Dataset records:
++++++++

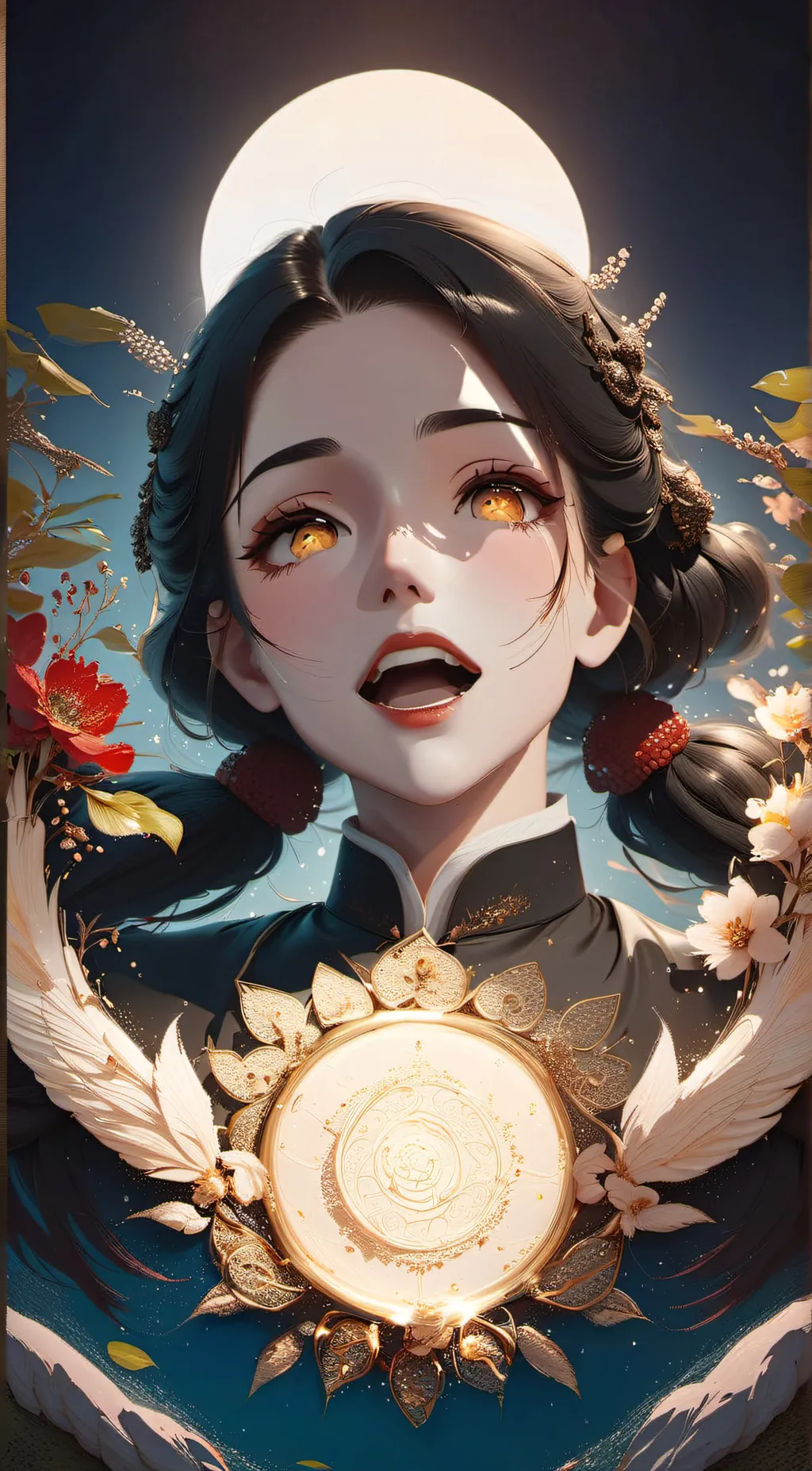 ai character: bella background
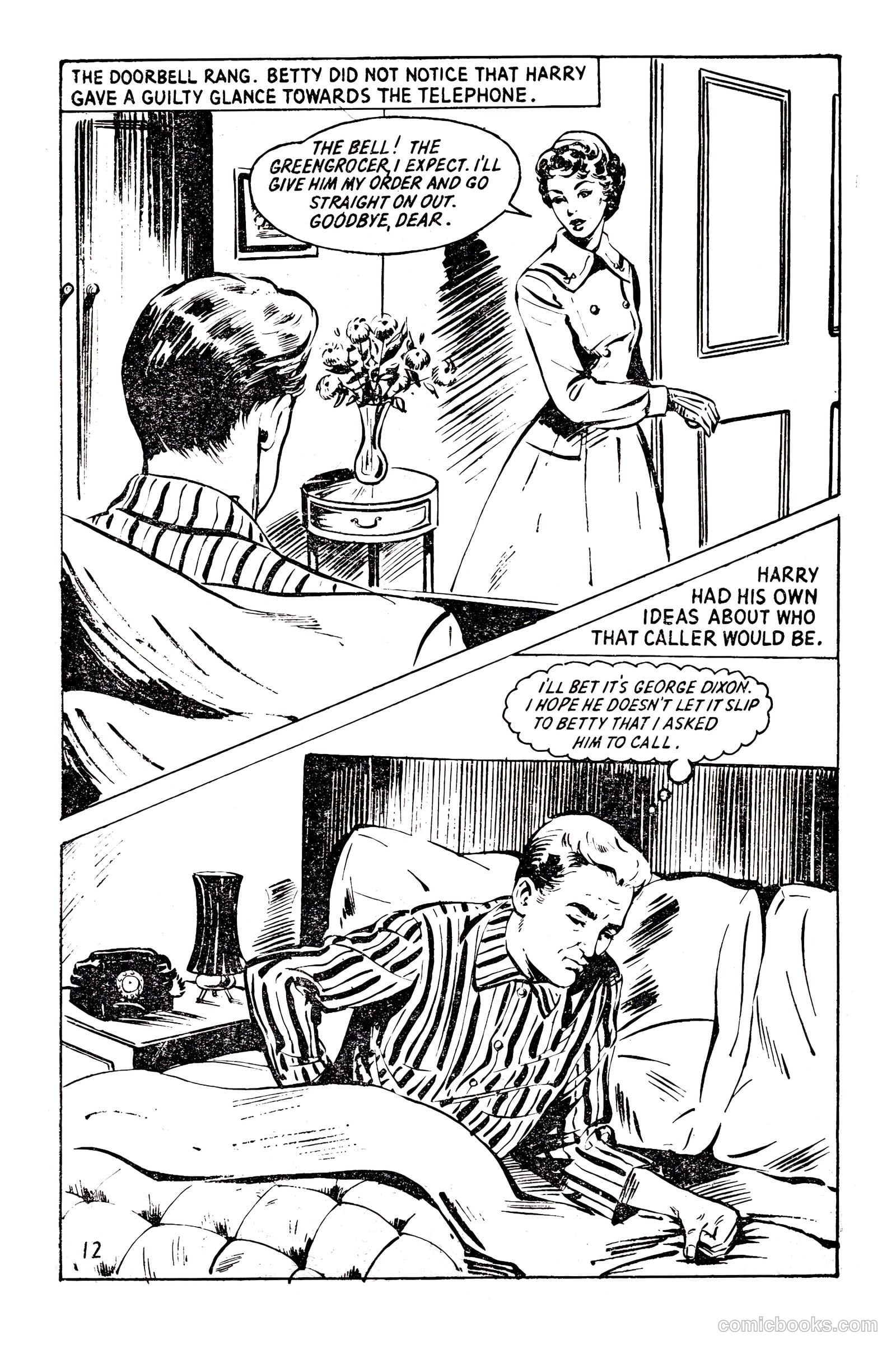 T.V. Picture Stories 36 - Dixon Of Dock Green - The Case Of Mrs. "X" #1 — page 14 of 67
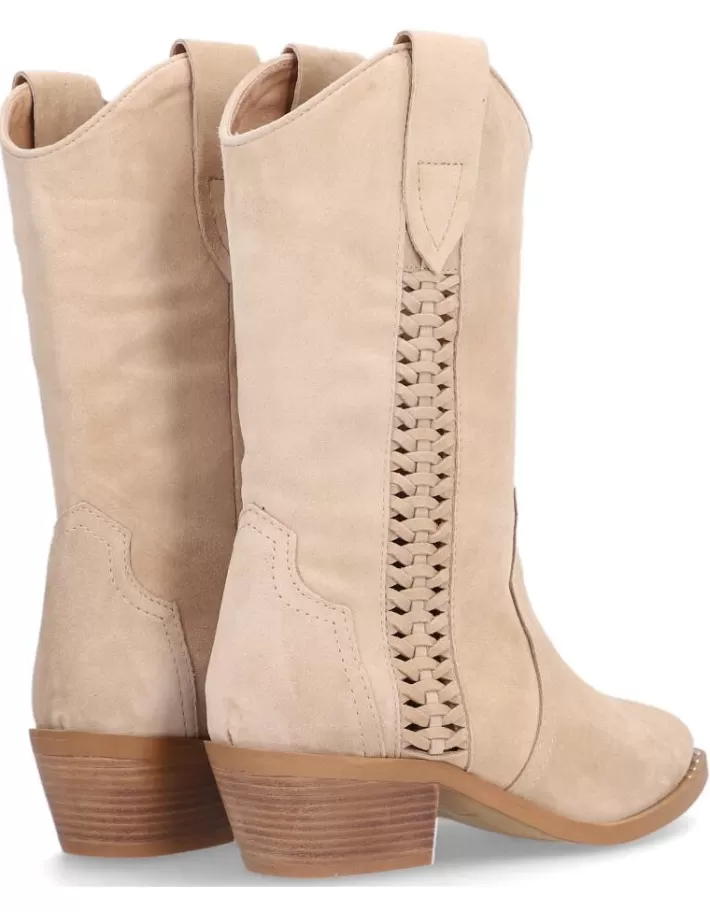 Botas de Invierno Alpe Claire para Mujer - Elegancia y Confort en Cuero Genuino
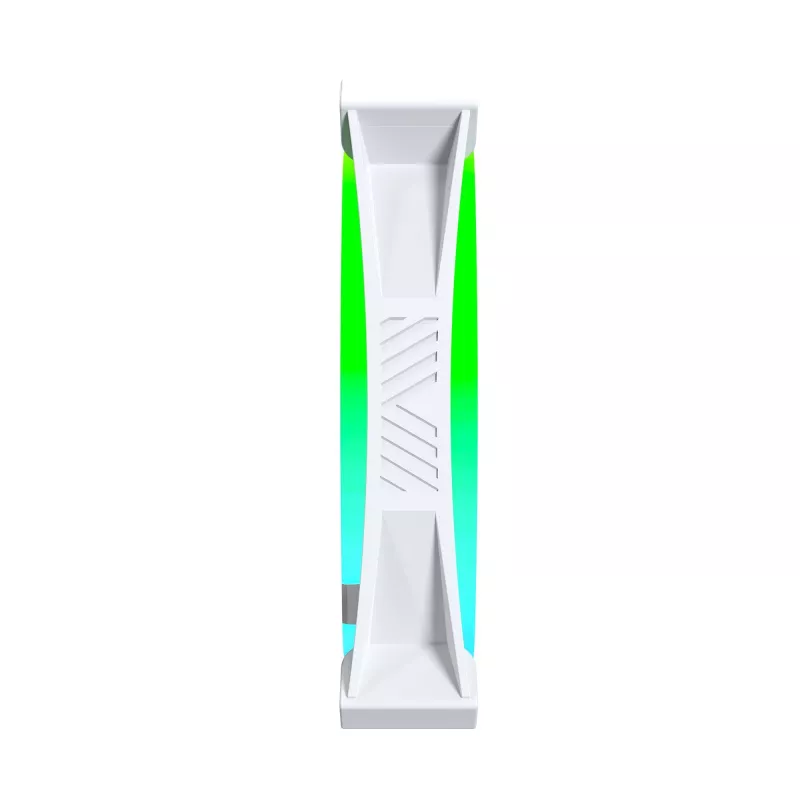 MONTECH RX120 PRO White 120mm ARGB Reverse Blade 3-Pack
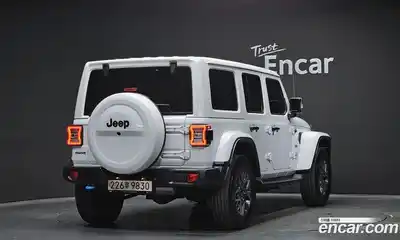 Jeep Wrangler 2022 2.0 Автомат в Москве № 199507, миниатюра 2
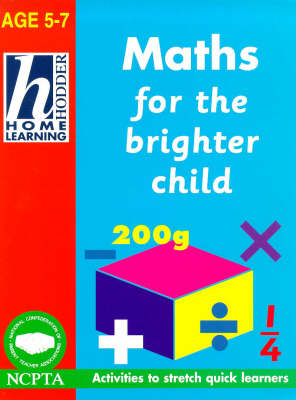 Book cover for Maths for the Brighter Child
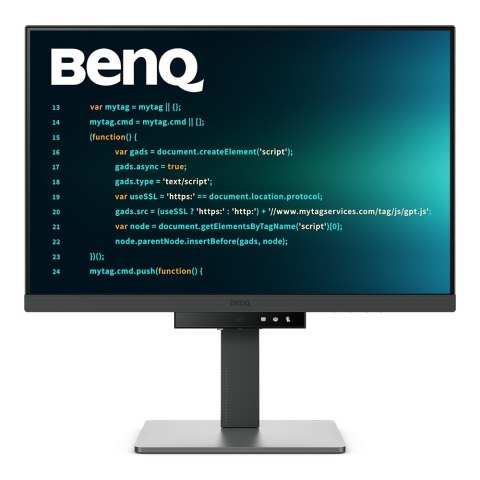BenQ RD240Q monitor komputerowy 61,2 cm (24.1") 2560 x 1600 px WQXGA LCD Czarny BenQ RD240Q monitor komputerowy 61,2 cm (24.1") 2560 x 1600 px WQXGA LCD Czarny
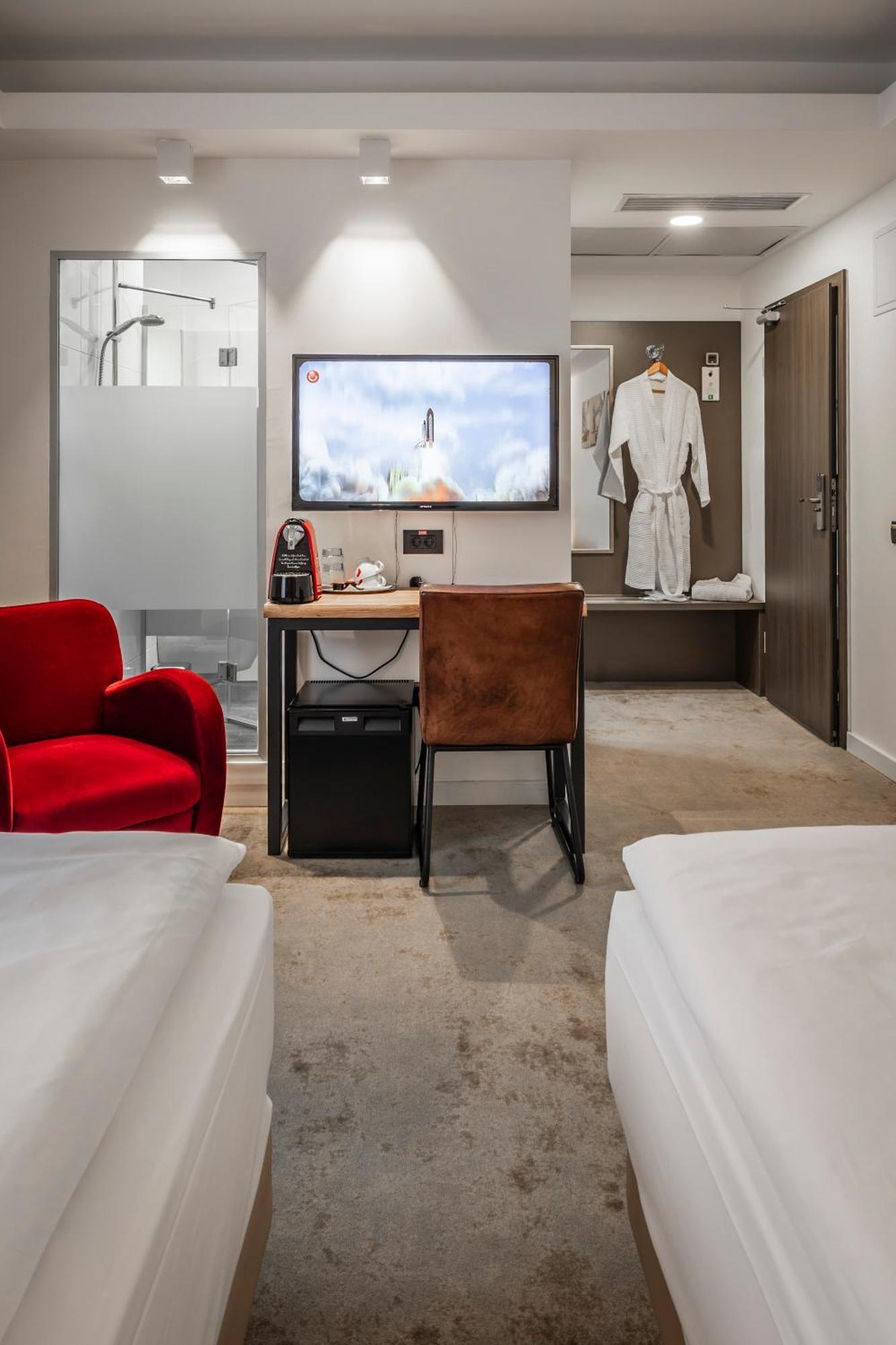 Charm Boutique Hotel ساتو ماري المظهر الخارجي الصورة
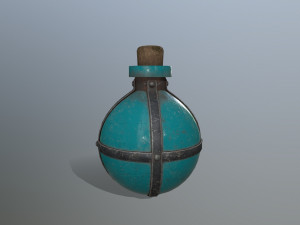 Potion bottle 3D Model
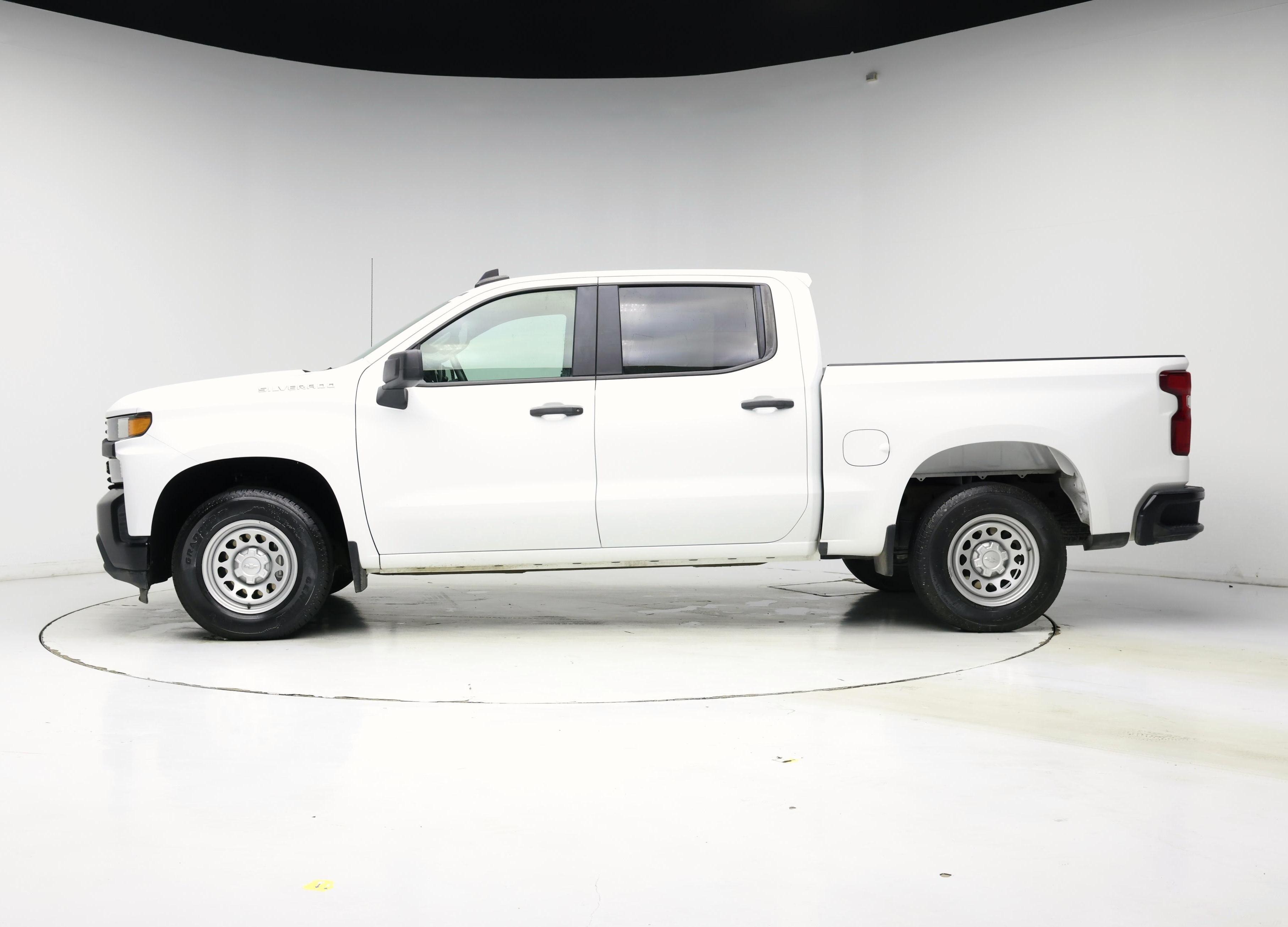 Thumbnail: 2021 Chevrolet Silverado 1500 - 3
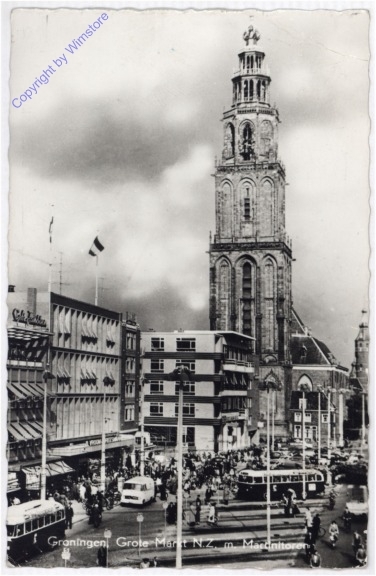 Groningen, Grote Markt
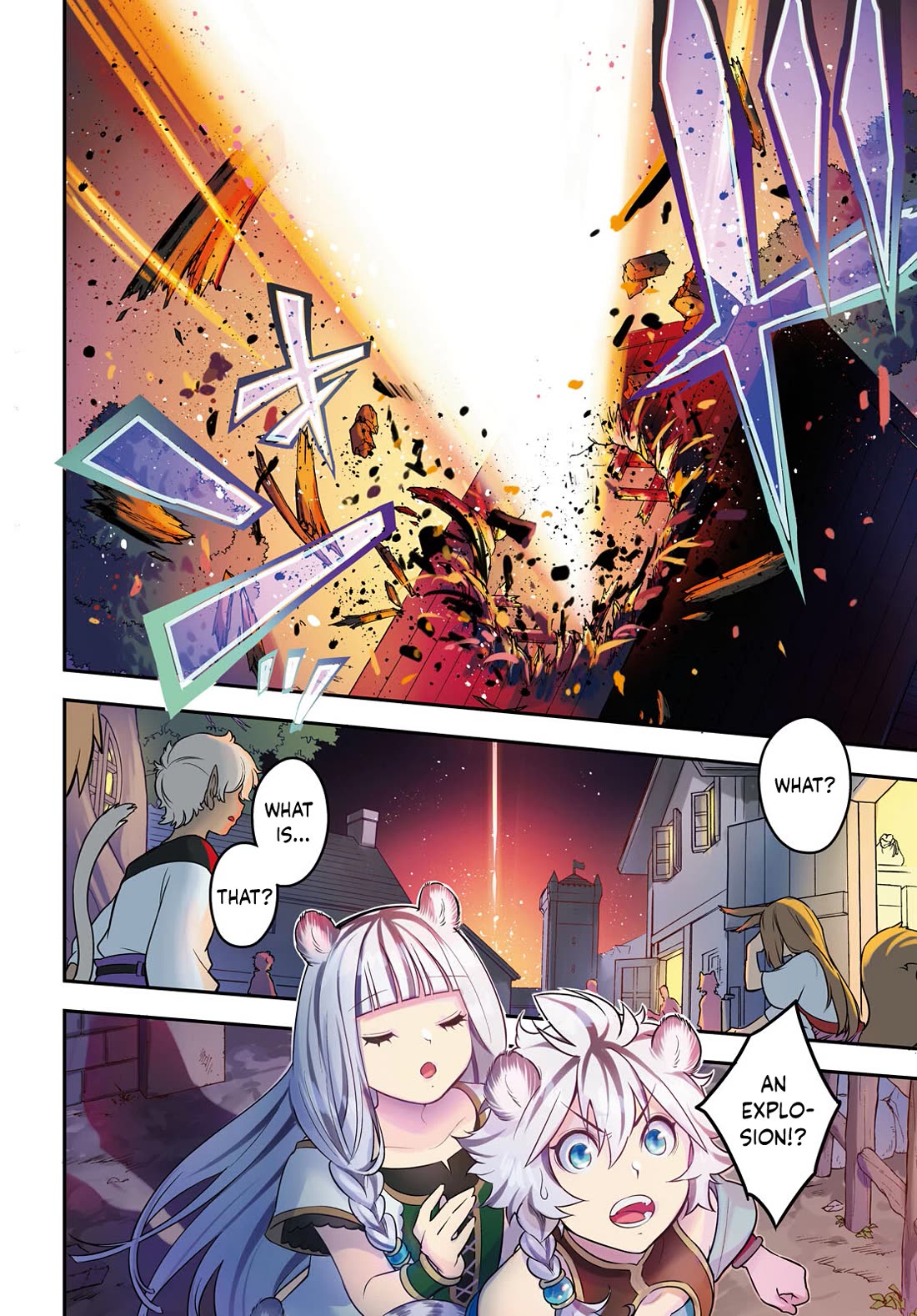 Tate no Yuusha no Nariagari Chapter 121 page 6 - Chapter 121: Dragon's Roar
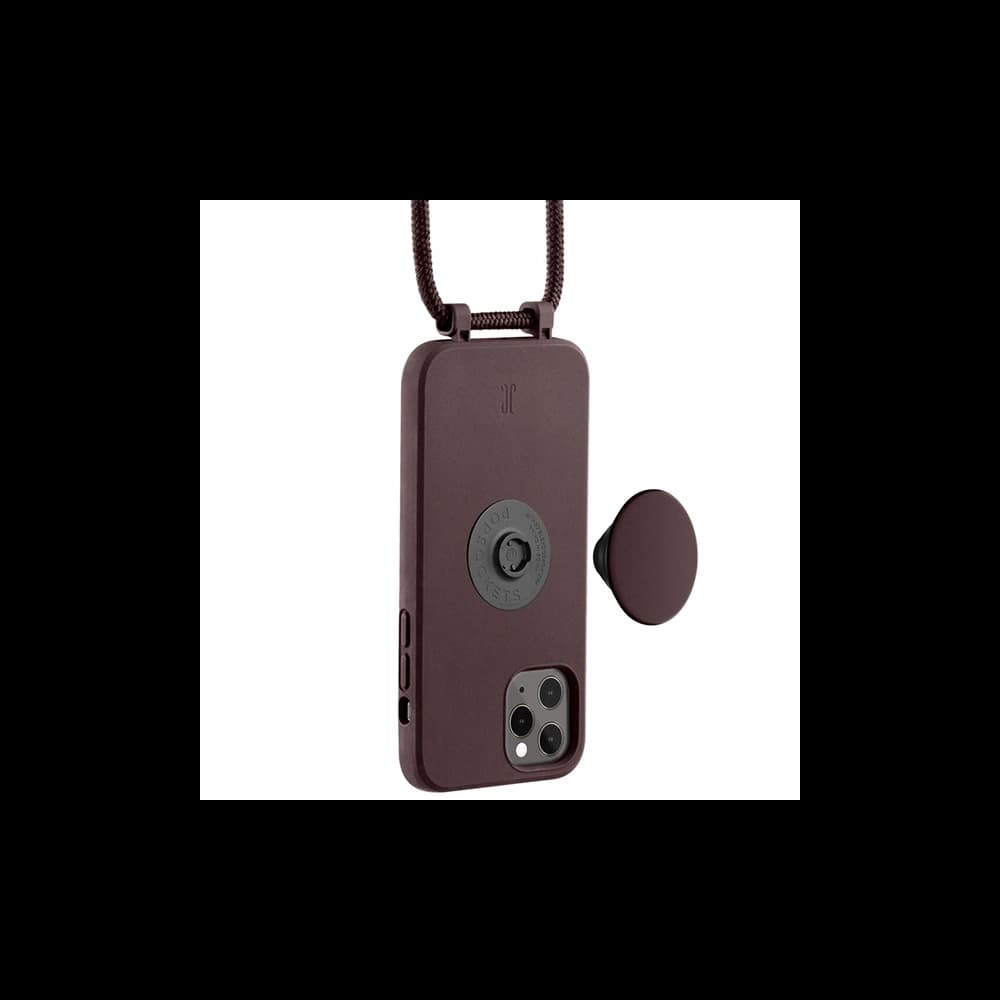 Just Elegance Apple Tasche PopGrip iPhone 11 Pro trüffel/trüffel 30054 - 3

++++++++

Work required:
Please write out, word for word, only the lines from the one holding "Thumbnail: 2021 Chevrolet Silverado 1500 - 3" through the end of the records above, with both end lines included and the pictures dropped.

Answer to this task:
 Thumbnail: 2021 Chevrolet Silverado 1500 - 3
 Groningen, Grote Markt
 Tate no Yuusha no Nariagari Chapter 121 page 6 - Chapter 121: Dragon's Roar
 Just Elegance Apple Tasche PopGrip iPhone 11 Pro trüffel/trüffel 30054 - 3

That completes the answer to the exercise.